======== Material provided

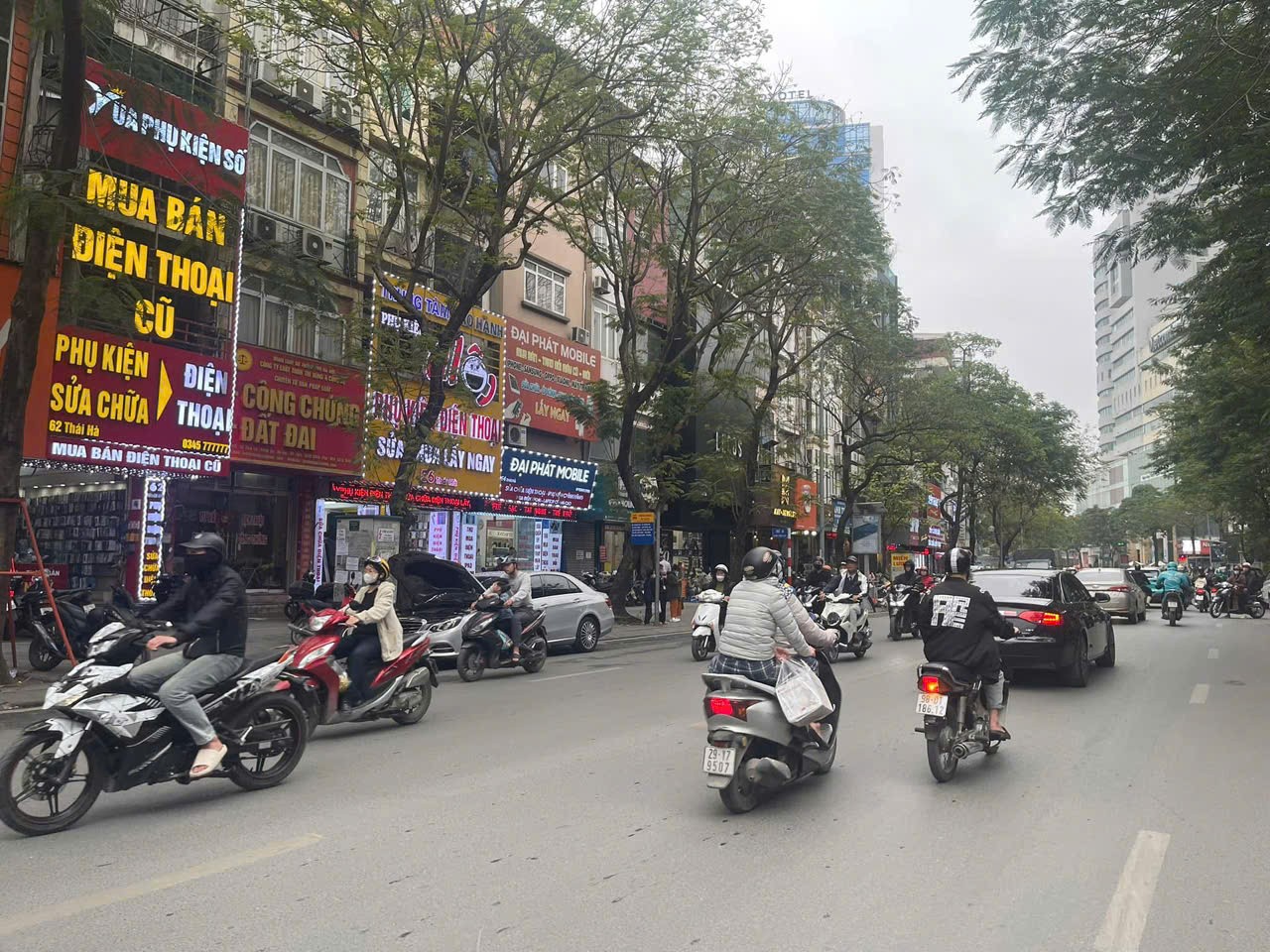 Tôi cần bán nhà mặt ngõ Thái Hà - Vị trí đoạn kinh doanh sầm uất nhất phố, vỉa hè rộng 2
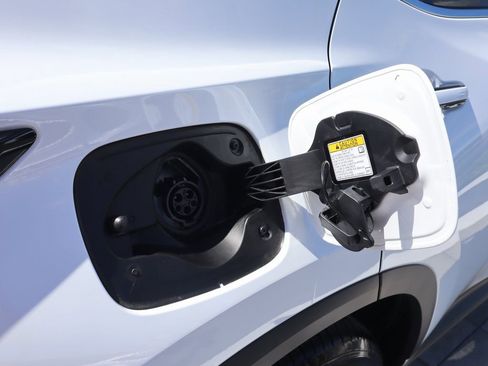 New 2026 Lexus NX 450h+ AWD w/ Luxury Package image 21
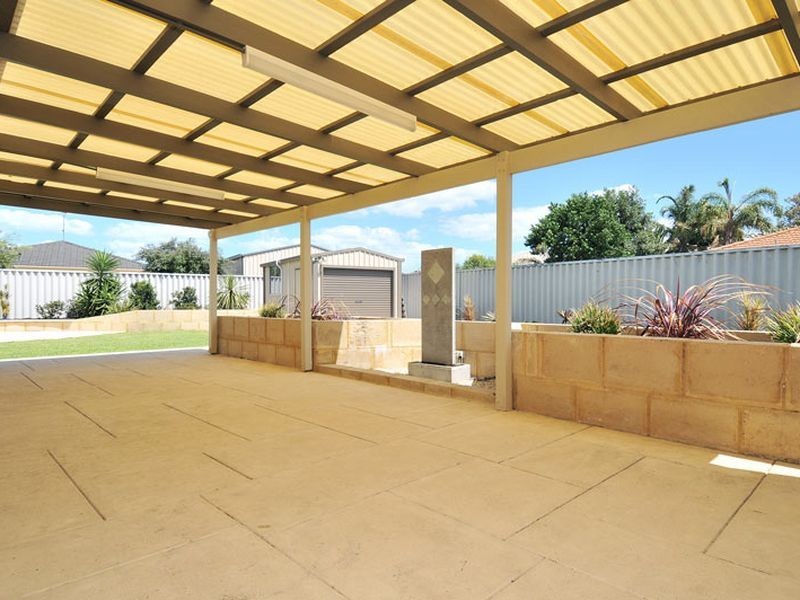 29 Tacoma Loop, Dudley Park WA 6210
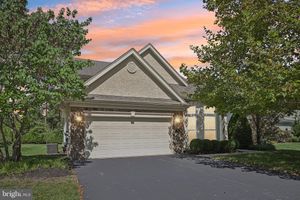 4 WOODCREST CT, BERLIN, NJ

================

What to work on: Print every line of the material above exactly as it reads, skipping the pictures.

Task result:
 Tôi cần bán nhà mặt ngõ Thái Hà - Vị trí đoạn kinh doanh sầm uất nhất phố, vỉa hè rộng 2
 New 2026 Lexus NX 450h+ AWD w/ Luxury Package image 21
 29 Tacoma Loop, Dudley Park WA 6210
 4 WOODCREST CT, BERLIN, NJ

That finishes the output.